Adam Chmielowski, known as Blessed Brother Albert (1845-1916), painter and later the founder of an order for the care of the homeless and the sick, suffered a mental crisis at the age of thirty-five and for this reason he stayed in the Psychiatric Hospital in Kulparków near Lviv. There is a widespread but unfounded belief in the medical community that he suffered from catatonic schizophrenia. This opinion was expressed and promoted by the late Professor Eugeniusz Brzezicki, a neurologist and psychiatrist from Krakow, in his work Schizophrenia paradoxal is-socialiter fausta (Folia Medica Cracoviensia, 1961). Meanwhile, the original case description of Adam Chmielowski's treatment in Kulparków was found in the Krakow archives.
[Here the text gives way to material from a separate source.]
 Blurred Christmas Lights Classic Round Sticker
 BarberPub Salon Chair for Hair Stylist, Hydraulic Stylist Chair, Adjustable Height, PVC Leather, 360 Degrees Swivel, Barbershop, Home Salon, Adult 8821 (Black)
The case history leaves no doubt that at the turn of 1881 Adam Chmielowski suffered from depression, or melancholia, which is today called affective psychosis. In addition to the main symptoms, there were depressive delusions (punishment, guilt, humiliation, sinfulness, etc.). A detailed analysis of the recovered case, as well as an examination of Adam Chmielowski's personality, led to the clear exclusion of schizophrenia described by Professor Brzezicki. Adam Chmielowski's interpretation of melancholia was based on one of Antoni Kępiński's concepts, relating to the sphere of axiological psychiatry, which treats mental disorders as the result of a disruption of the order of valuation (axiological order), and therefore - above all - the moral order. The genesis of Chmielowski's depression is also related to the schizotymic structure of his personality. The experience of mental illness in the form of melancholia largely contributed to the spiritual transformation of Adam Chmielowski into Brother Albert. This fact indicates that some forms of mental depression can take a creative and socially beneficial course.